Data for this exercise:
__________________________________________________

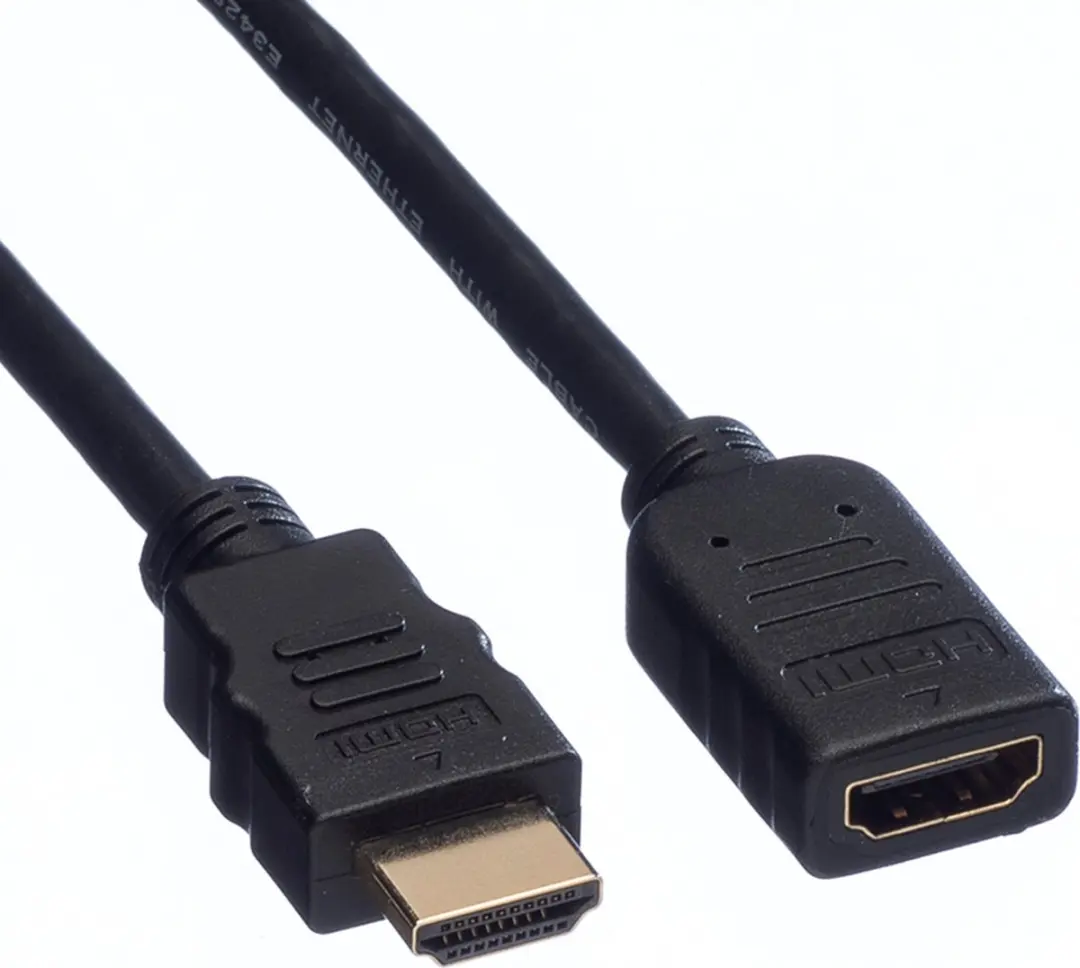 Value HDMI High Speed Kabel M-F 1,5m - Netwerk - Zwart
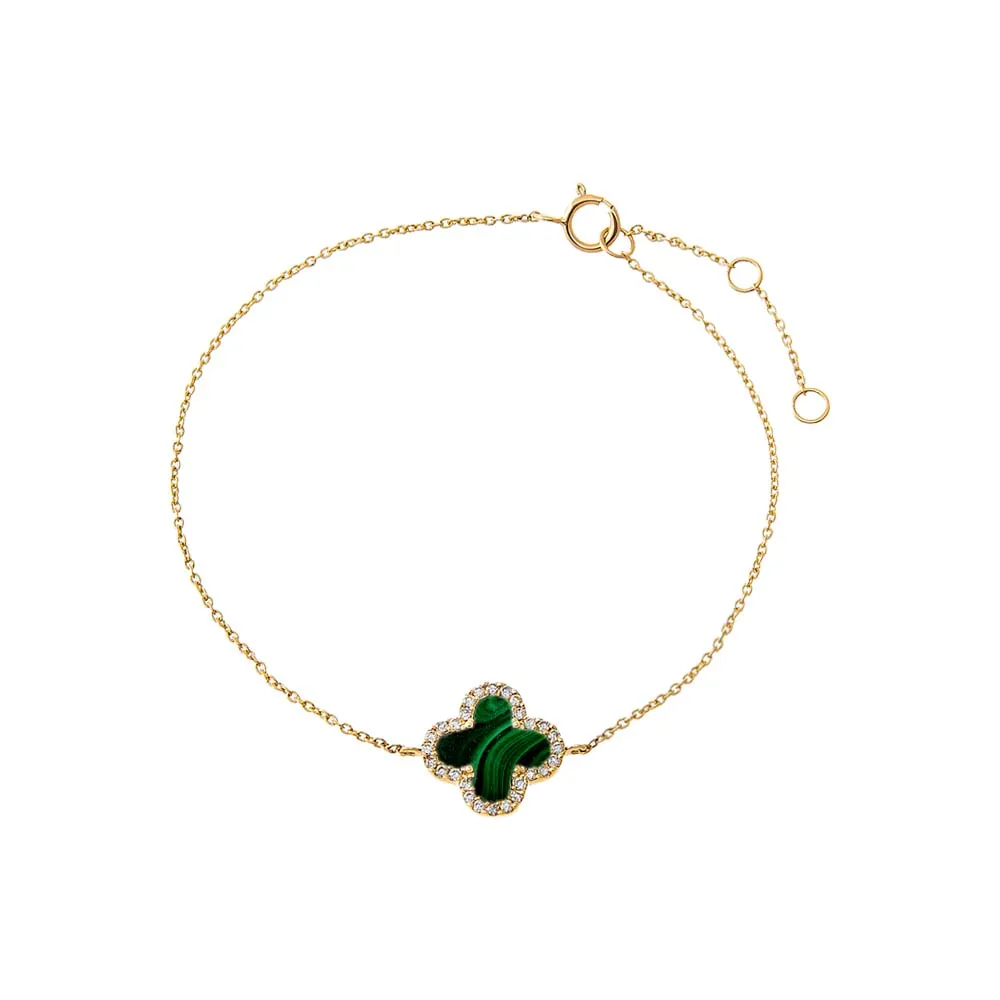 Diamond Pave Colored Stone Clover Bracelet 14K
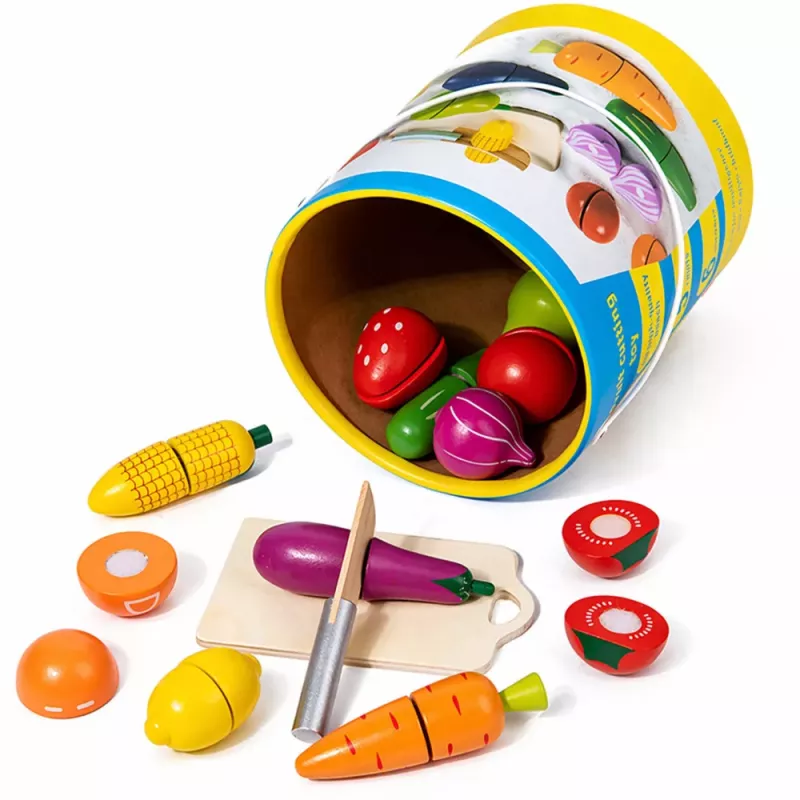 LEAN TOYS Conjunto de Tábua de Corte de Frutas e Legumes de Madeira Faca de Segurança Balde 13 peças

__________________________________________________

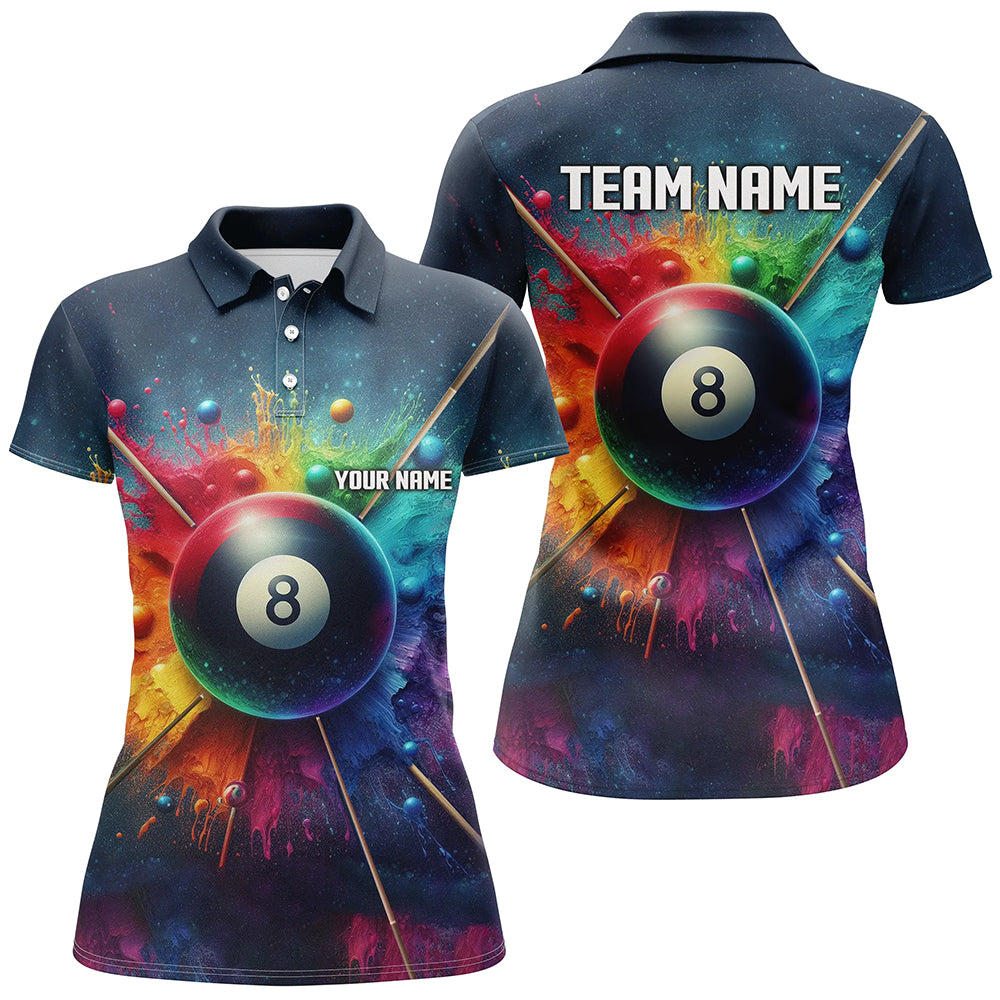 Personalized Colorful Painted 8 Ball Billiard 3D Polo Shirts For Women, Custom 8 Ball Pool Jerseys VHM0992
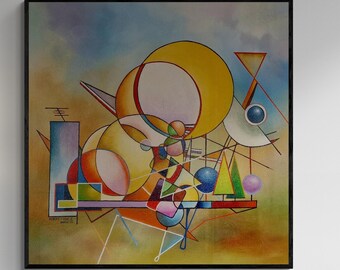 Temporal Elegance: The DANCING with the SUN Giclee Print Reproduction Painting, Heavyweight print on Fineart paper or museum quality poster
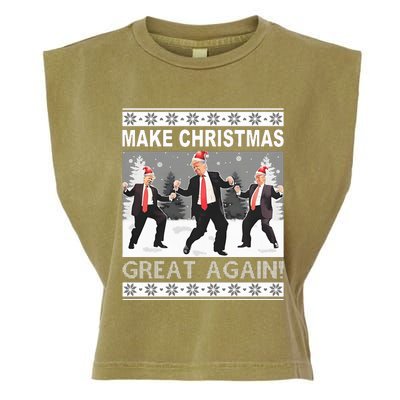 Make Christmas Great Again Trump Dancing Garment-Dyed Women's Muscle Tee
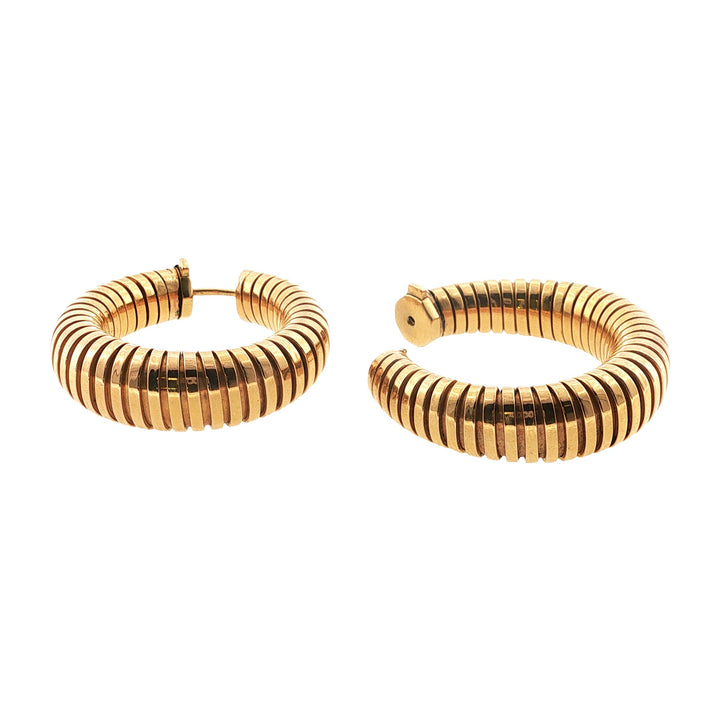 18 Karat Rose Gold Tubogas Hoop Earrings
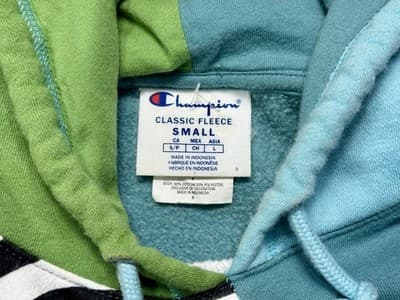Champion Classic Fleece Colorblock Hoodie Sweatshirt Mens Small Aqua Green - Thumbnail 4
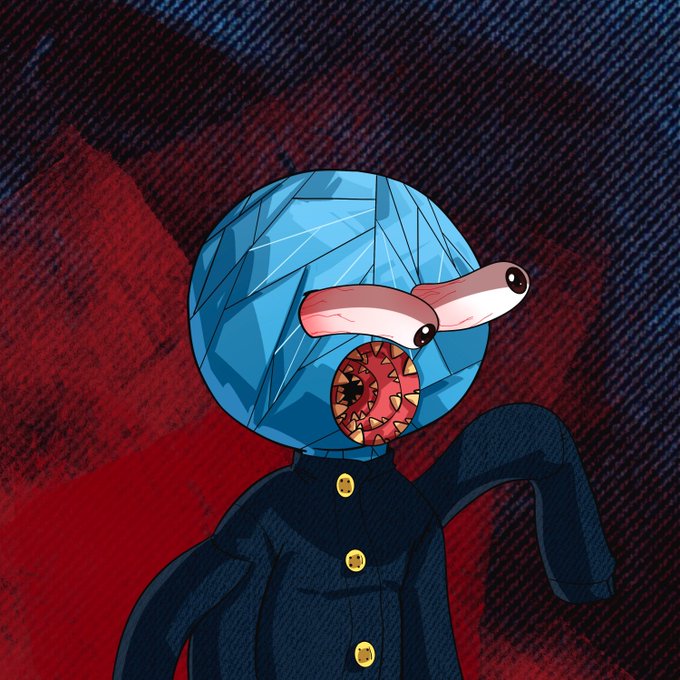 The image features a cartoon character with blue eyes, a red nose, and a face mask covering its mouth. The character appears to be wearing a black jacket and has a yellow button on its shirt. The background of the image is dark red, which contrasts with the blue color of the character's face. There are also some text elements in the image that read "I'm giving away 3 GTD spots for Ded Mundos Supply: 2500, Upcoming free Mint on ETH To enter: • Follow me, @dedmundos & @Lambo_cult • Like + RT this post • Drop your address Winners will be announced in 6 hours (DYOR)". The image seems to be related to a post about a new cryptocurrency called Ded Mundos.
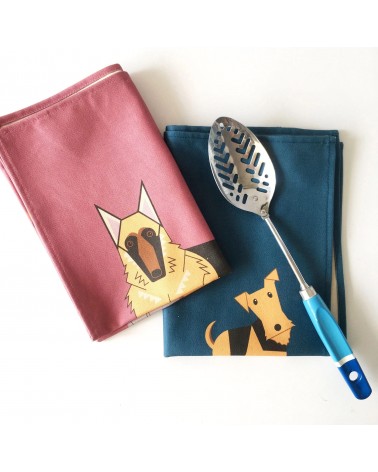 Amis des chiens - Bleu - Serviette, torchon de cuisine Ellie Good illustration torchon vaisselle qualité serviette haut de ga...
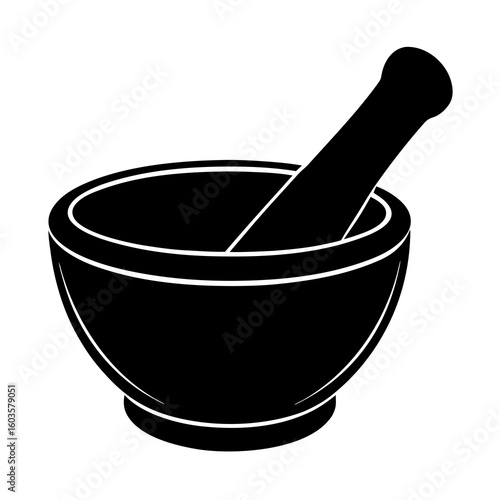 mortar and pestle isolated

__________________________________________________

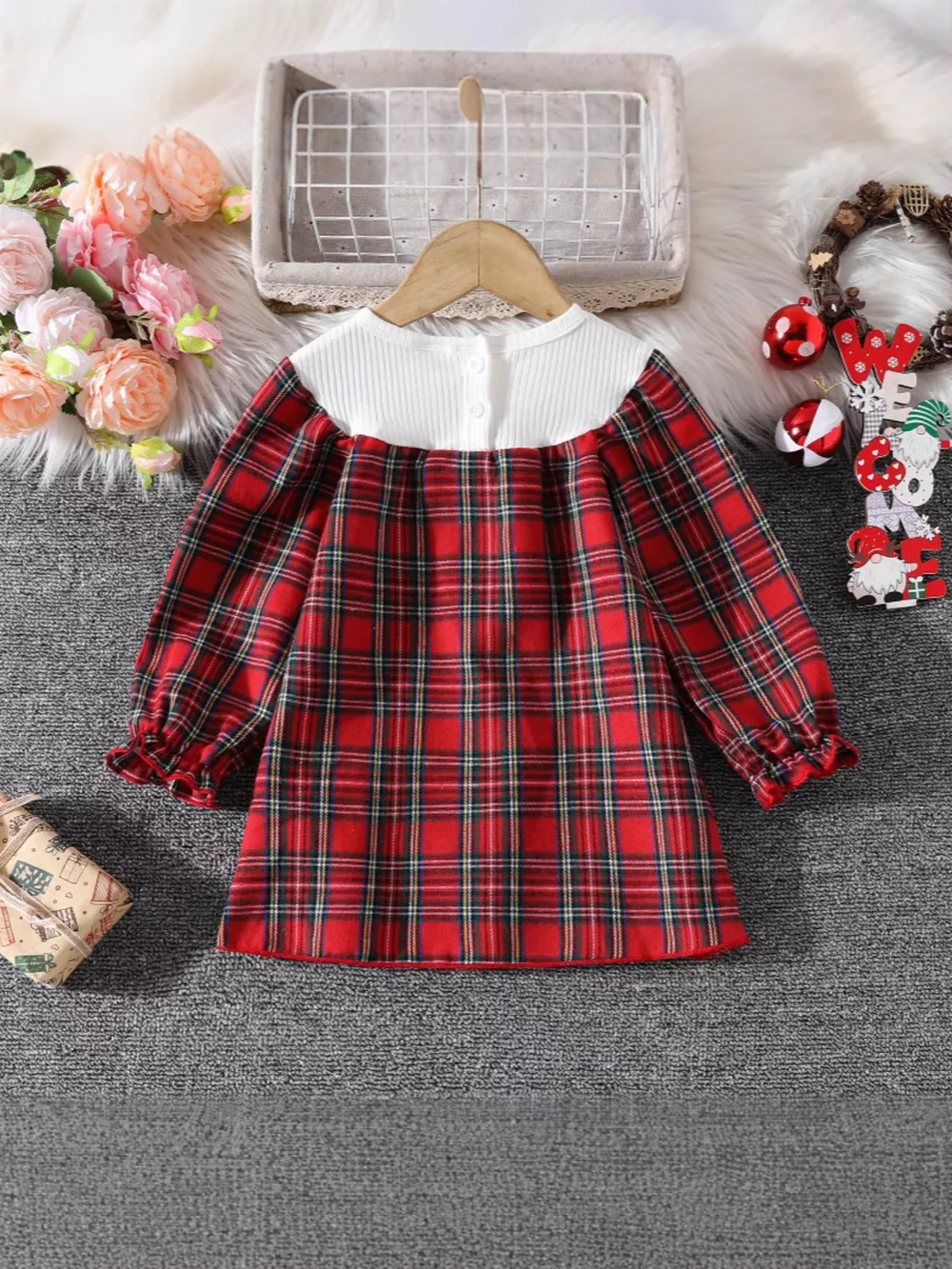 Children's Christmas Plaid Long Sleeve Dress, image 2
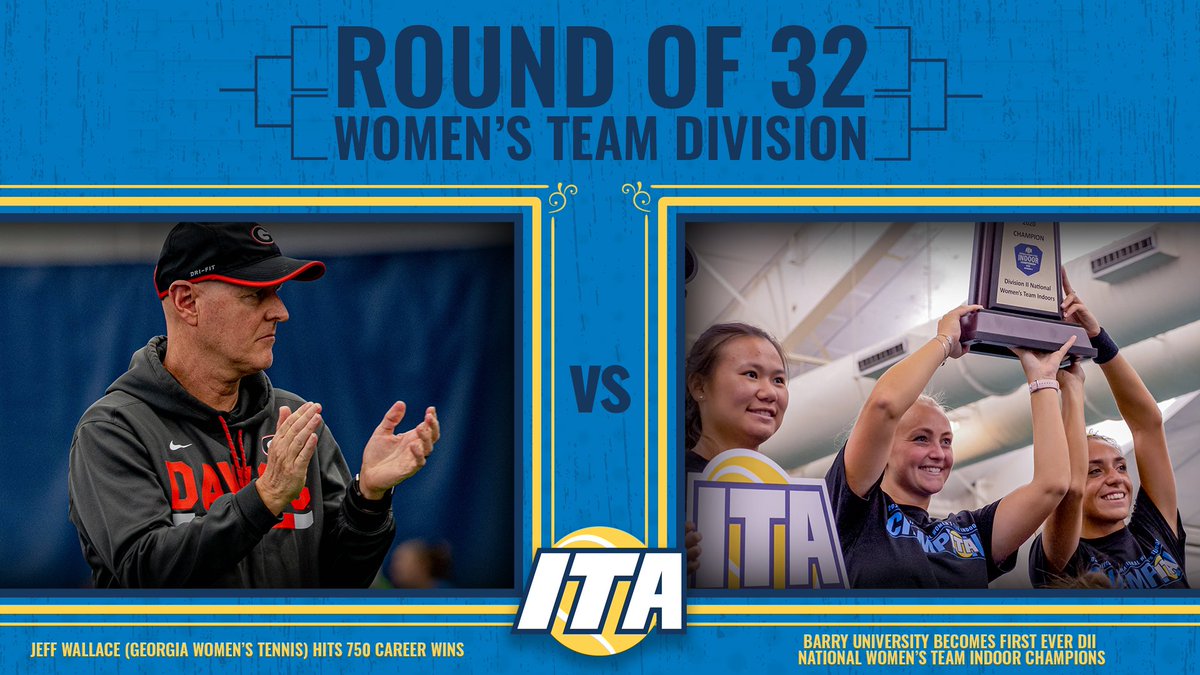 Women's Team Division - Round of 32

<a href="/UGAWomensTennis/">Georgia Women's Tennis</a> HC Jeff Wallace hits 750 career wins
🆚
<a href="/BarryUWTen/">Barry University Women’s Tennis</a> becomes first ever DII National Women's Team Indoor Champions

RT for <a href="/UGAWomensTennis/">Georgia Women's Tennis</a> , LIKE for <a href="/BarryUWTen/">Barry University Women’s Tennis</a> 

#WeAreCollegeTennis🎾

__________________________________________________

Work order: Find and copy each line of the material that holds the word "Barry".

Exercise output:
<a href="/BarryUWTen/">Barry University Women’s Tennis</a> becomes first ever DII National Women's Team Indoor Champions
RT for <a href="/UGAWomensTennis/">Georgia Women's Tennis</a> , LIKE for <a href="/BarryUWTen/">Barry University Women’s Tennis</a> 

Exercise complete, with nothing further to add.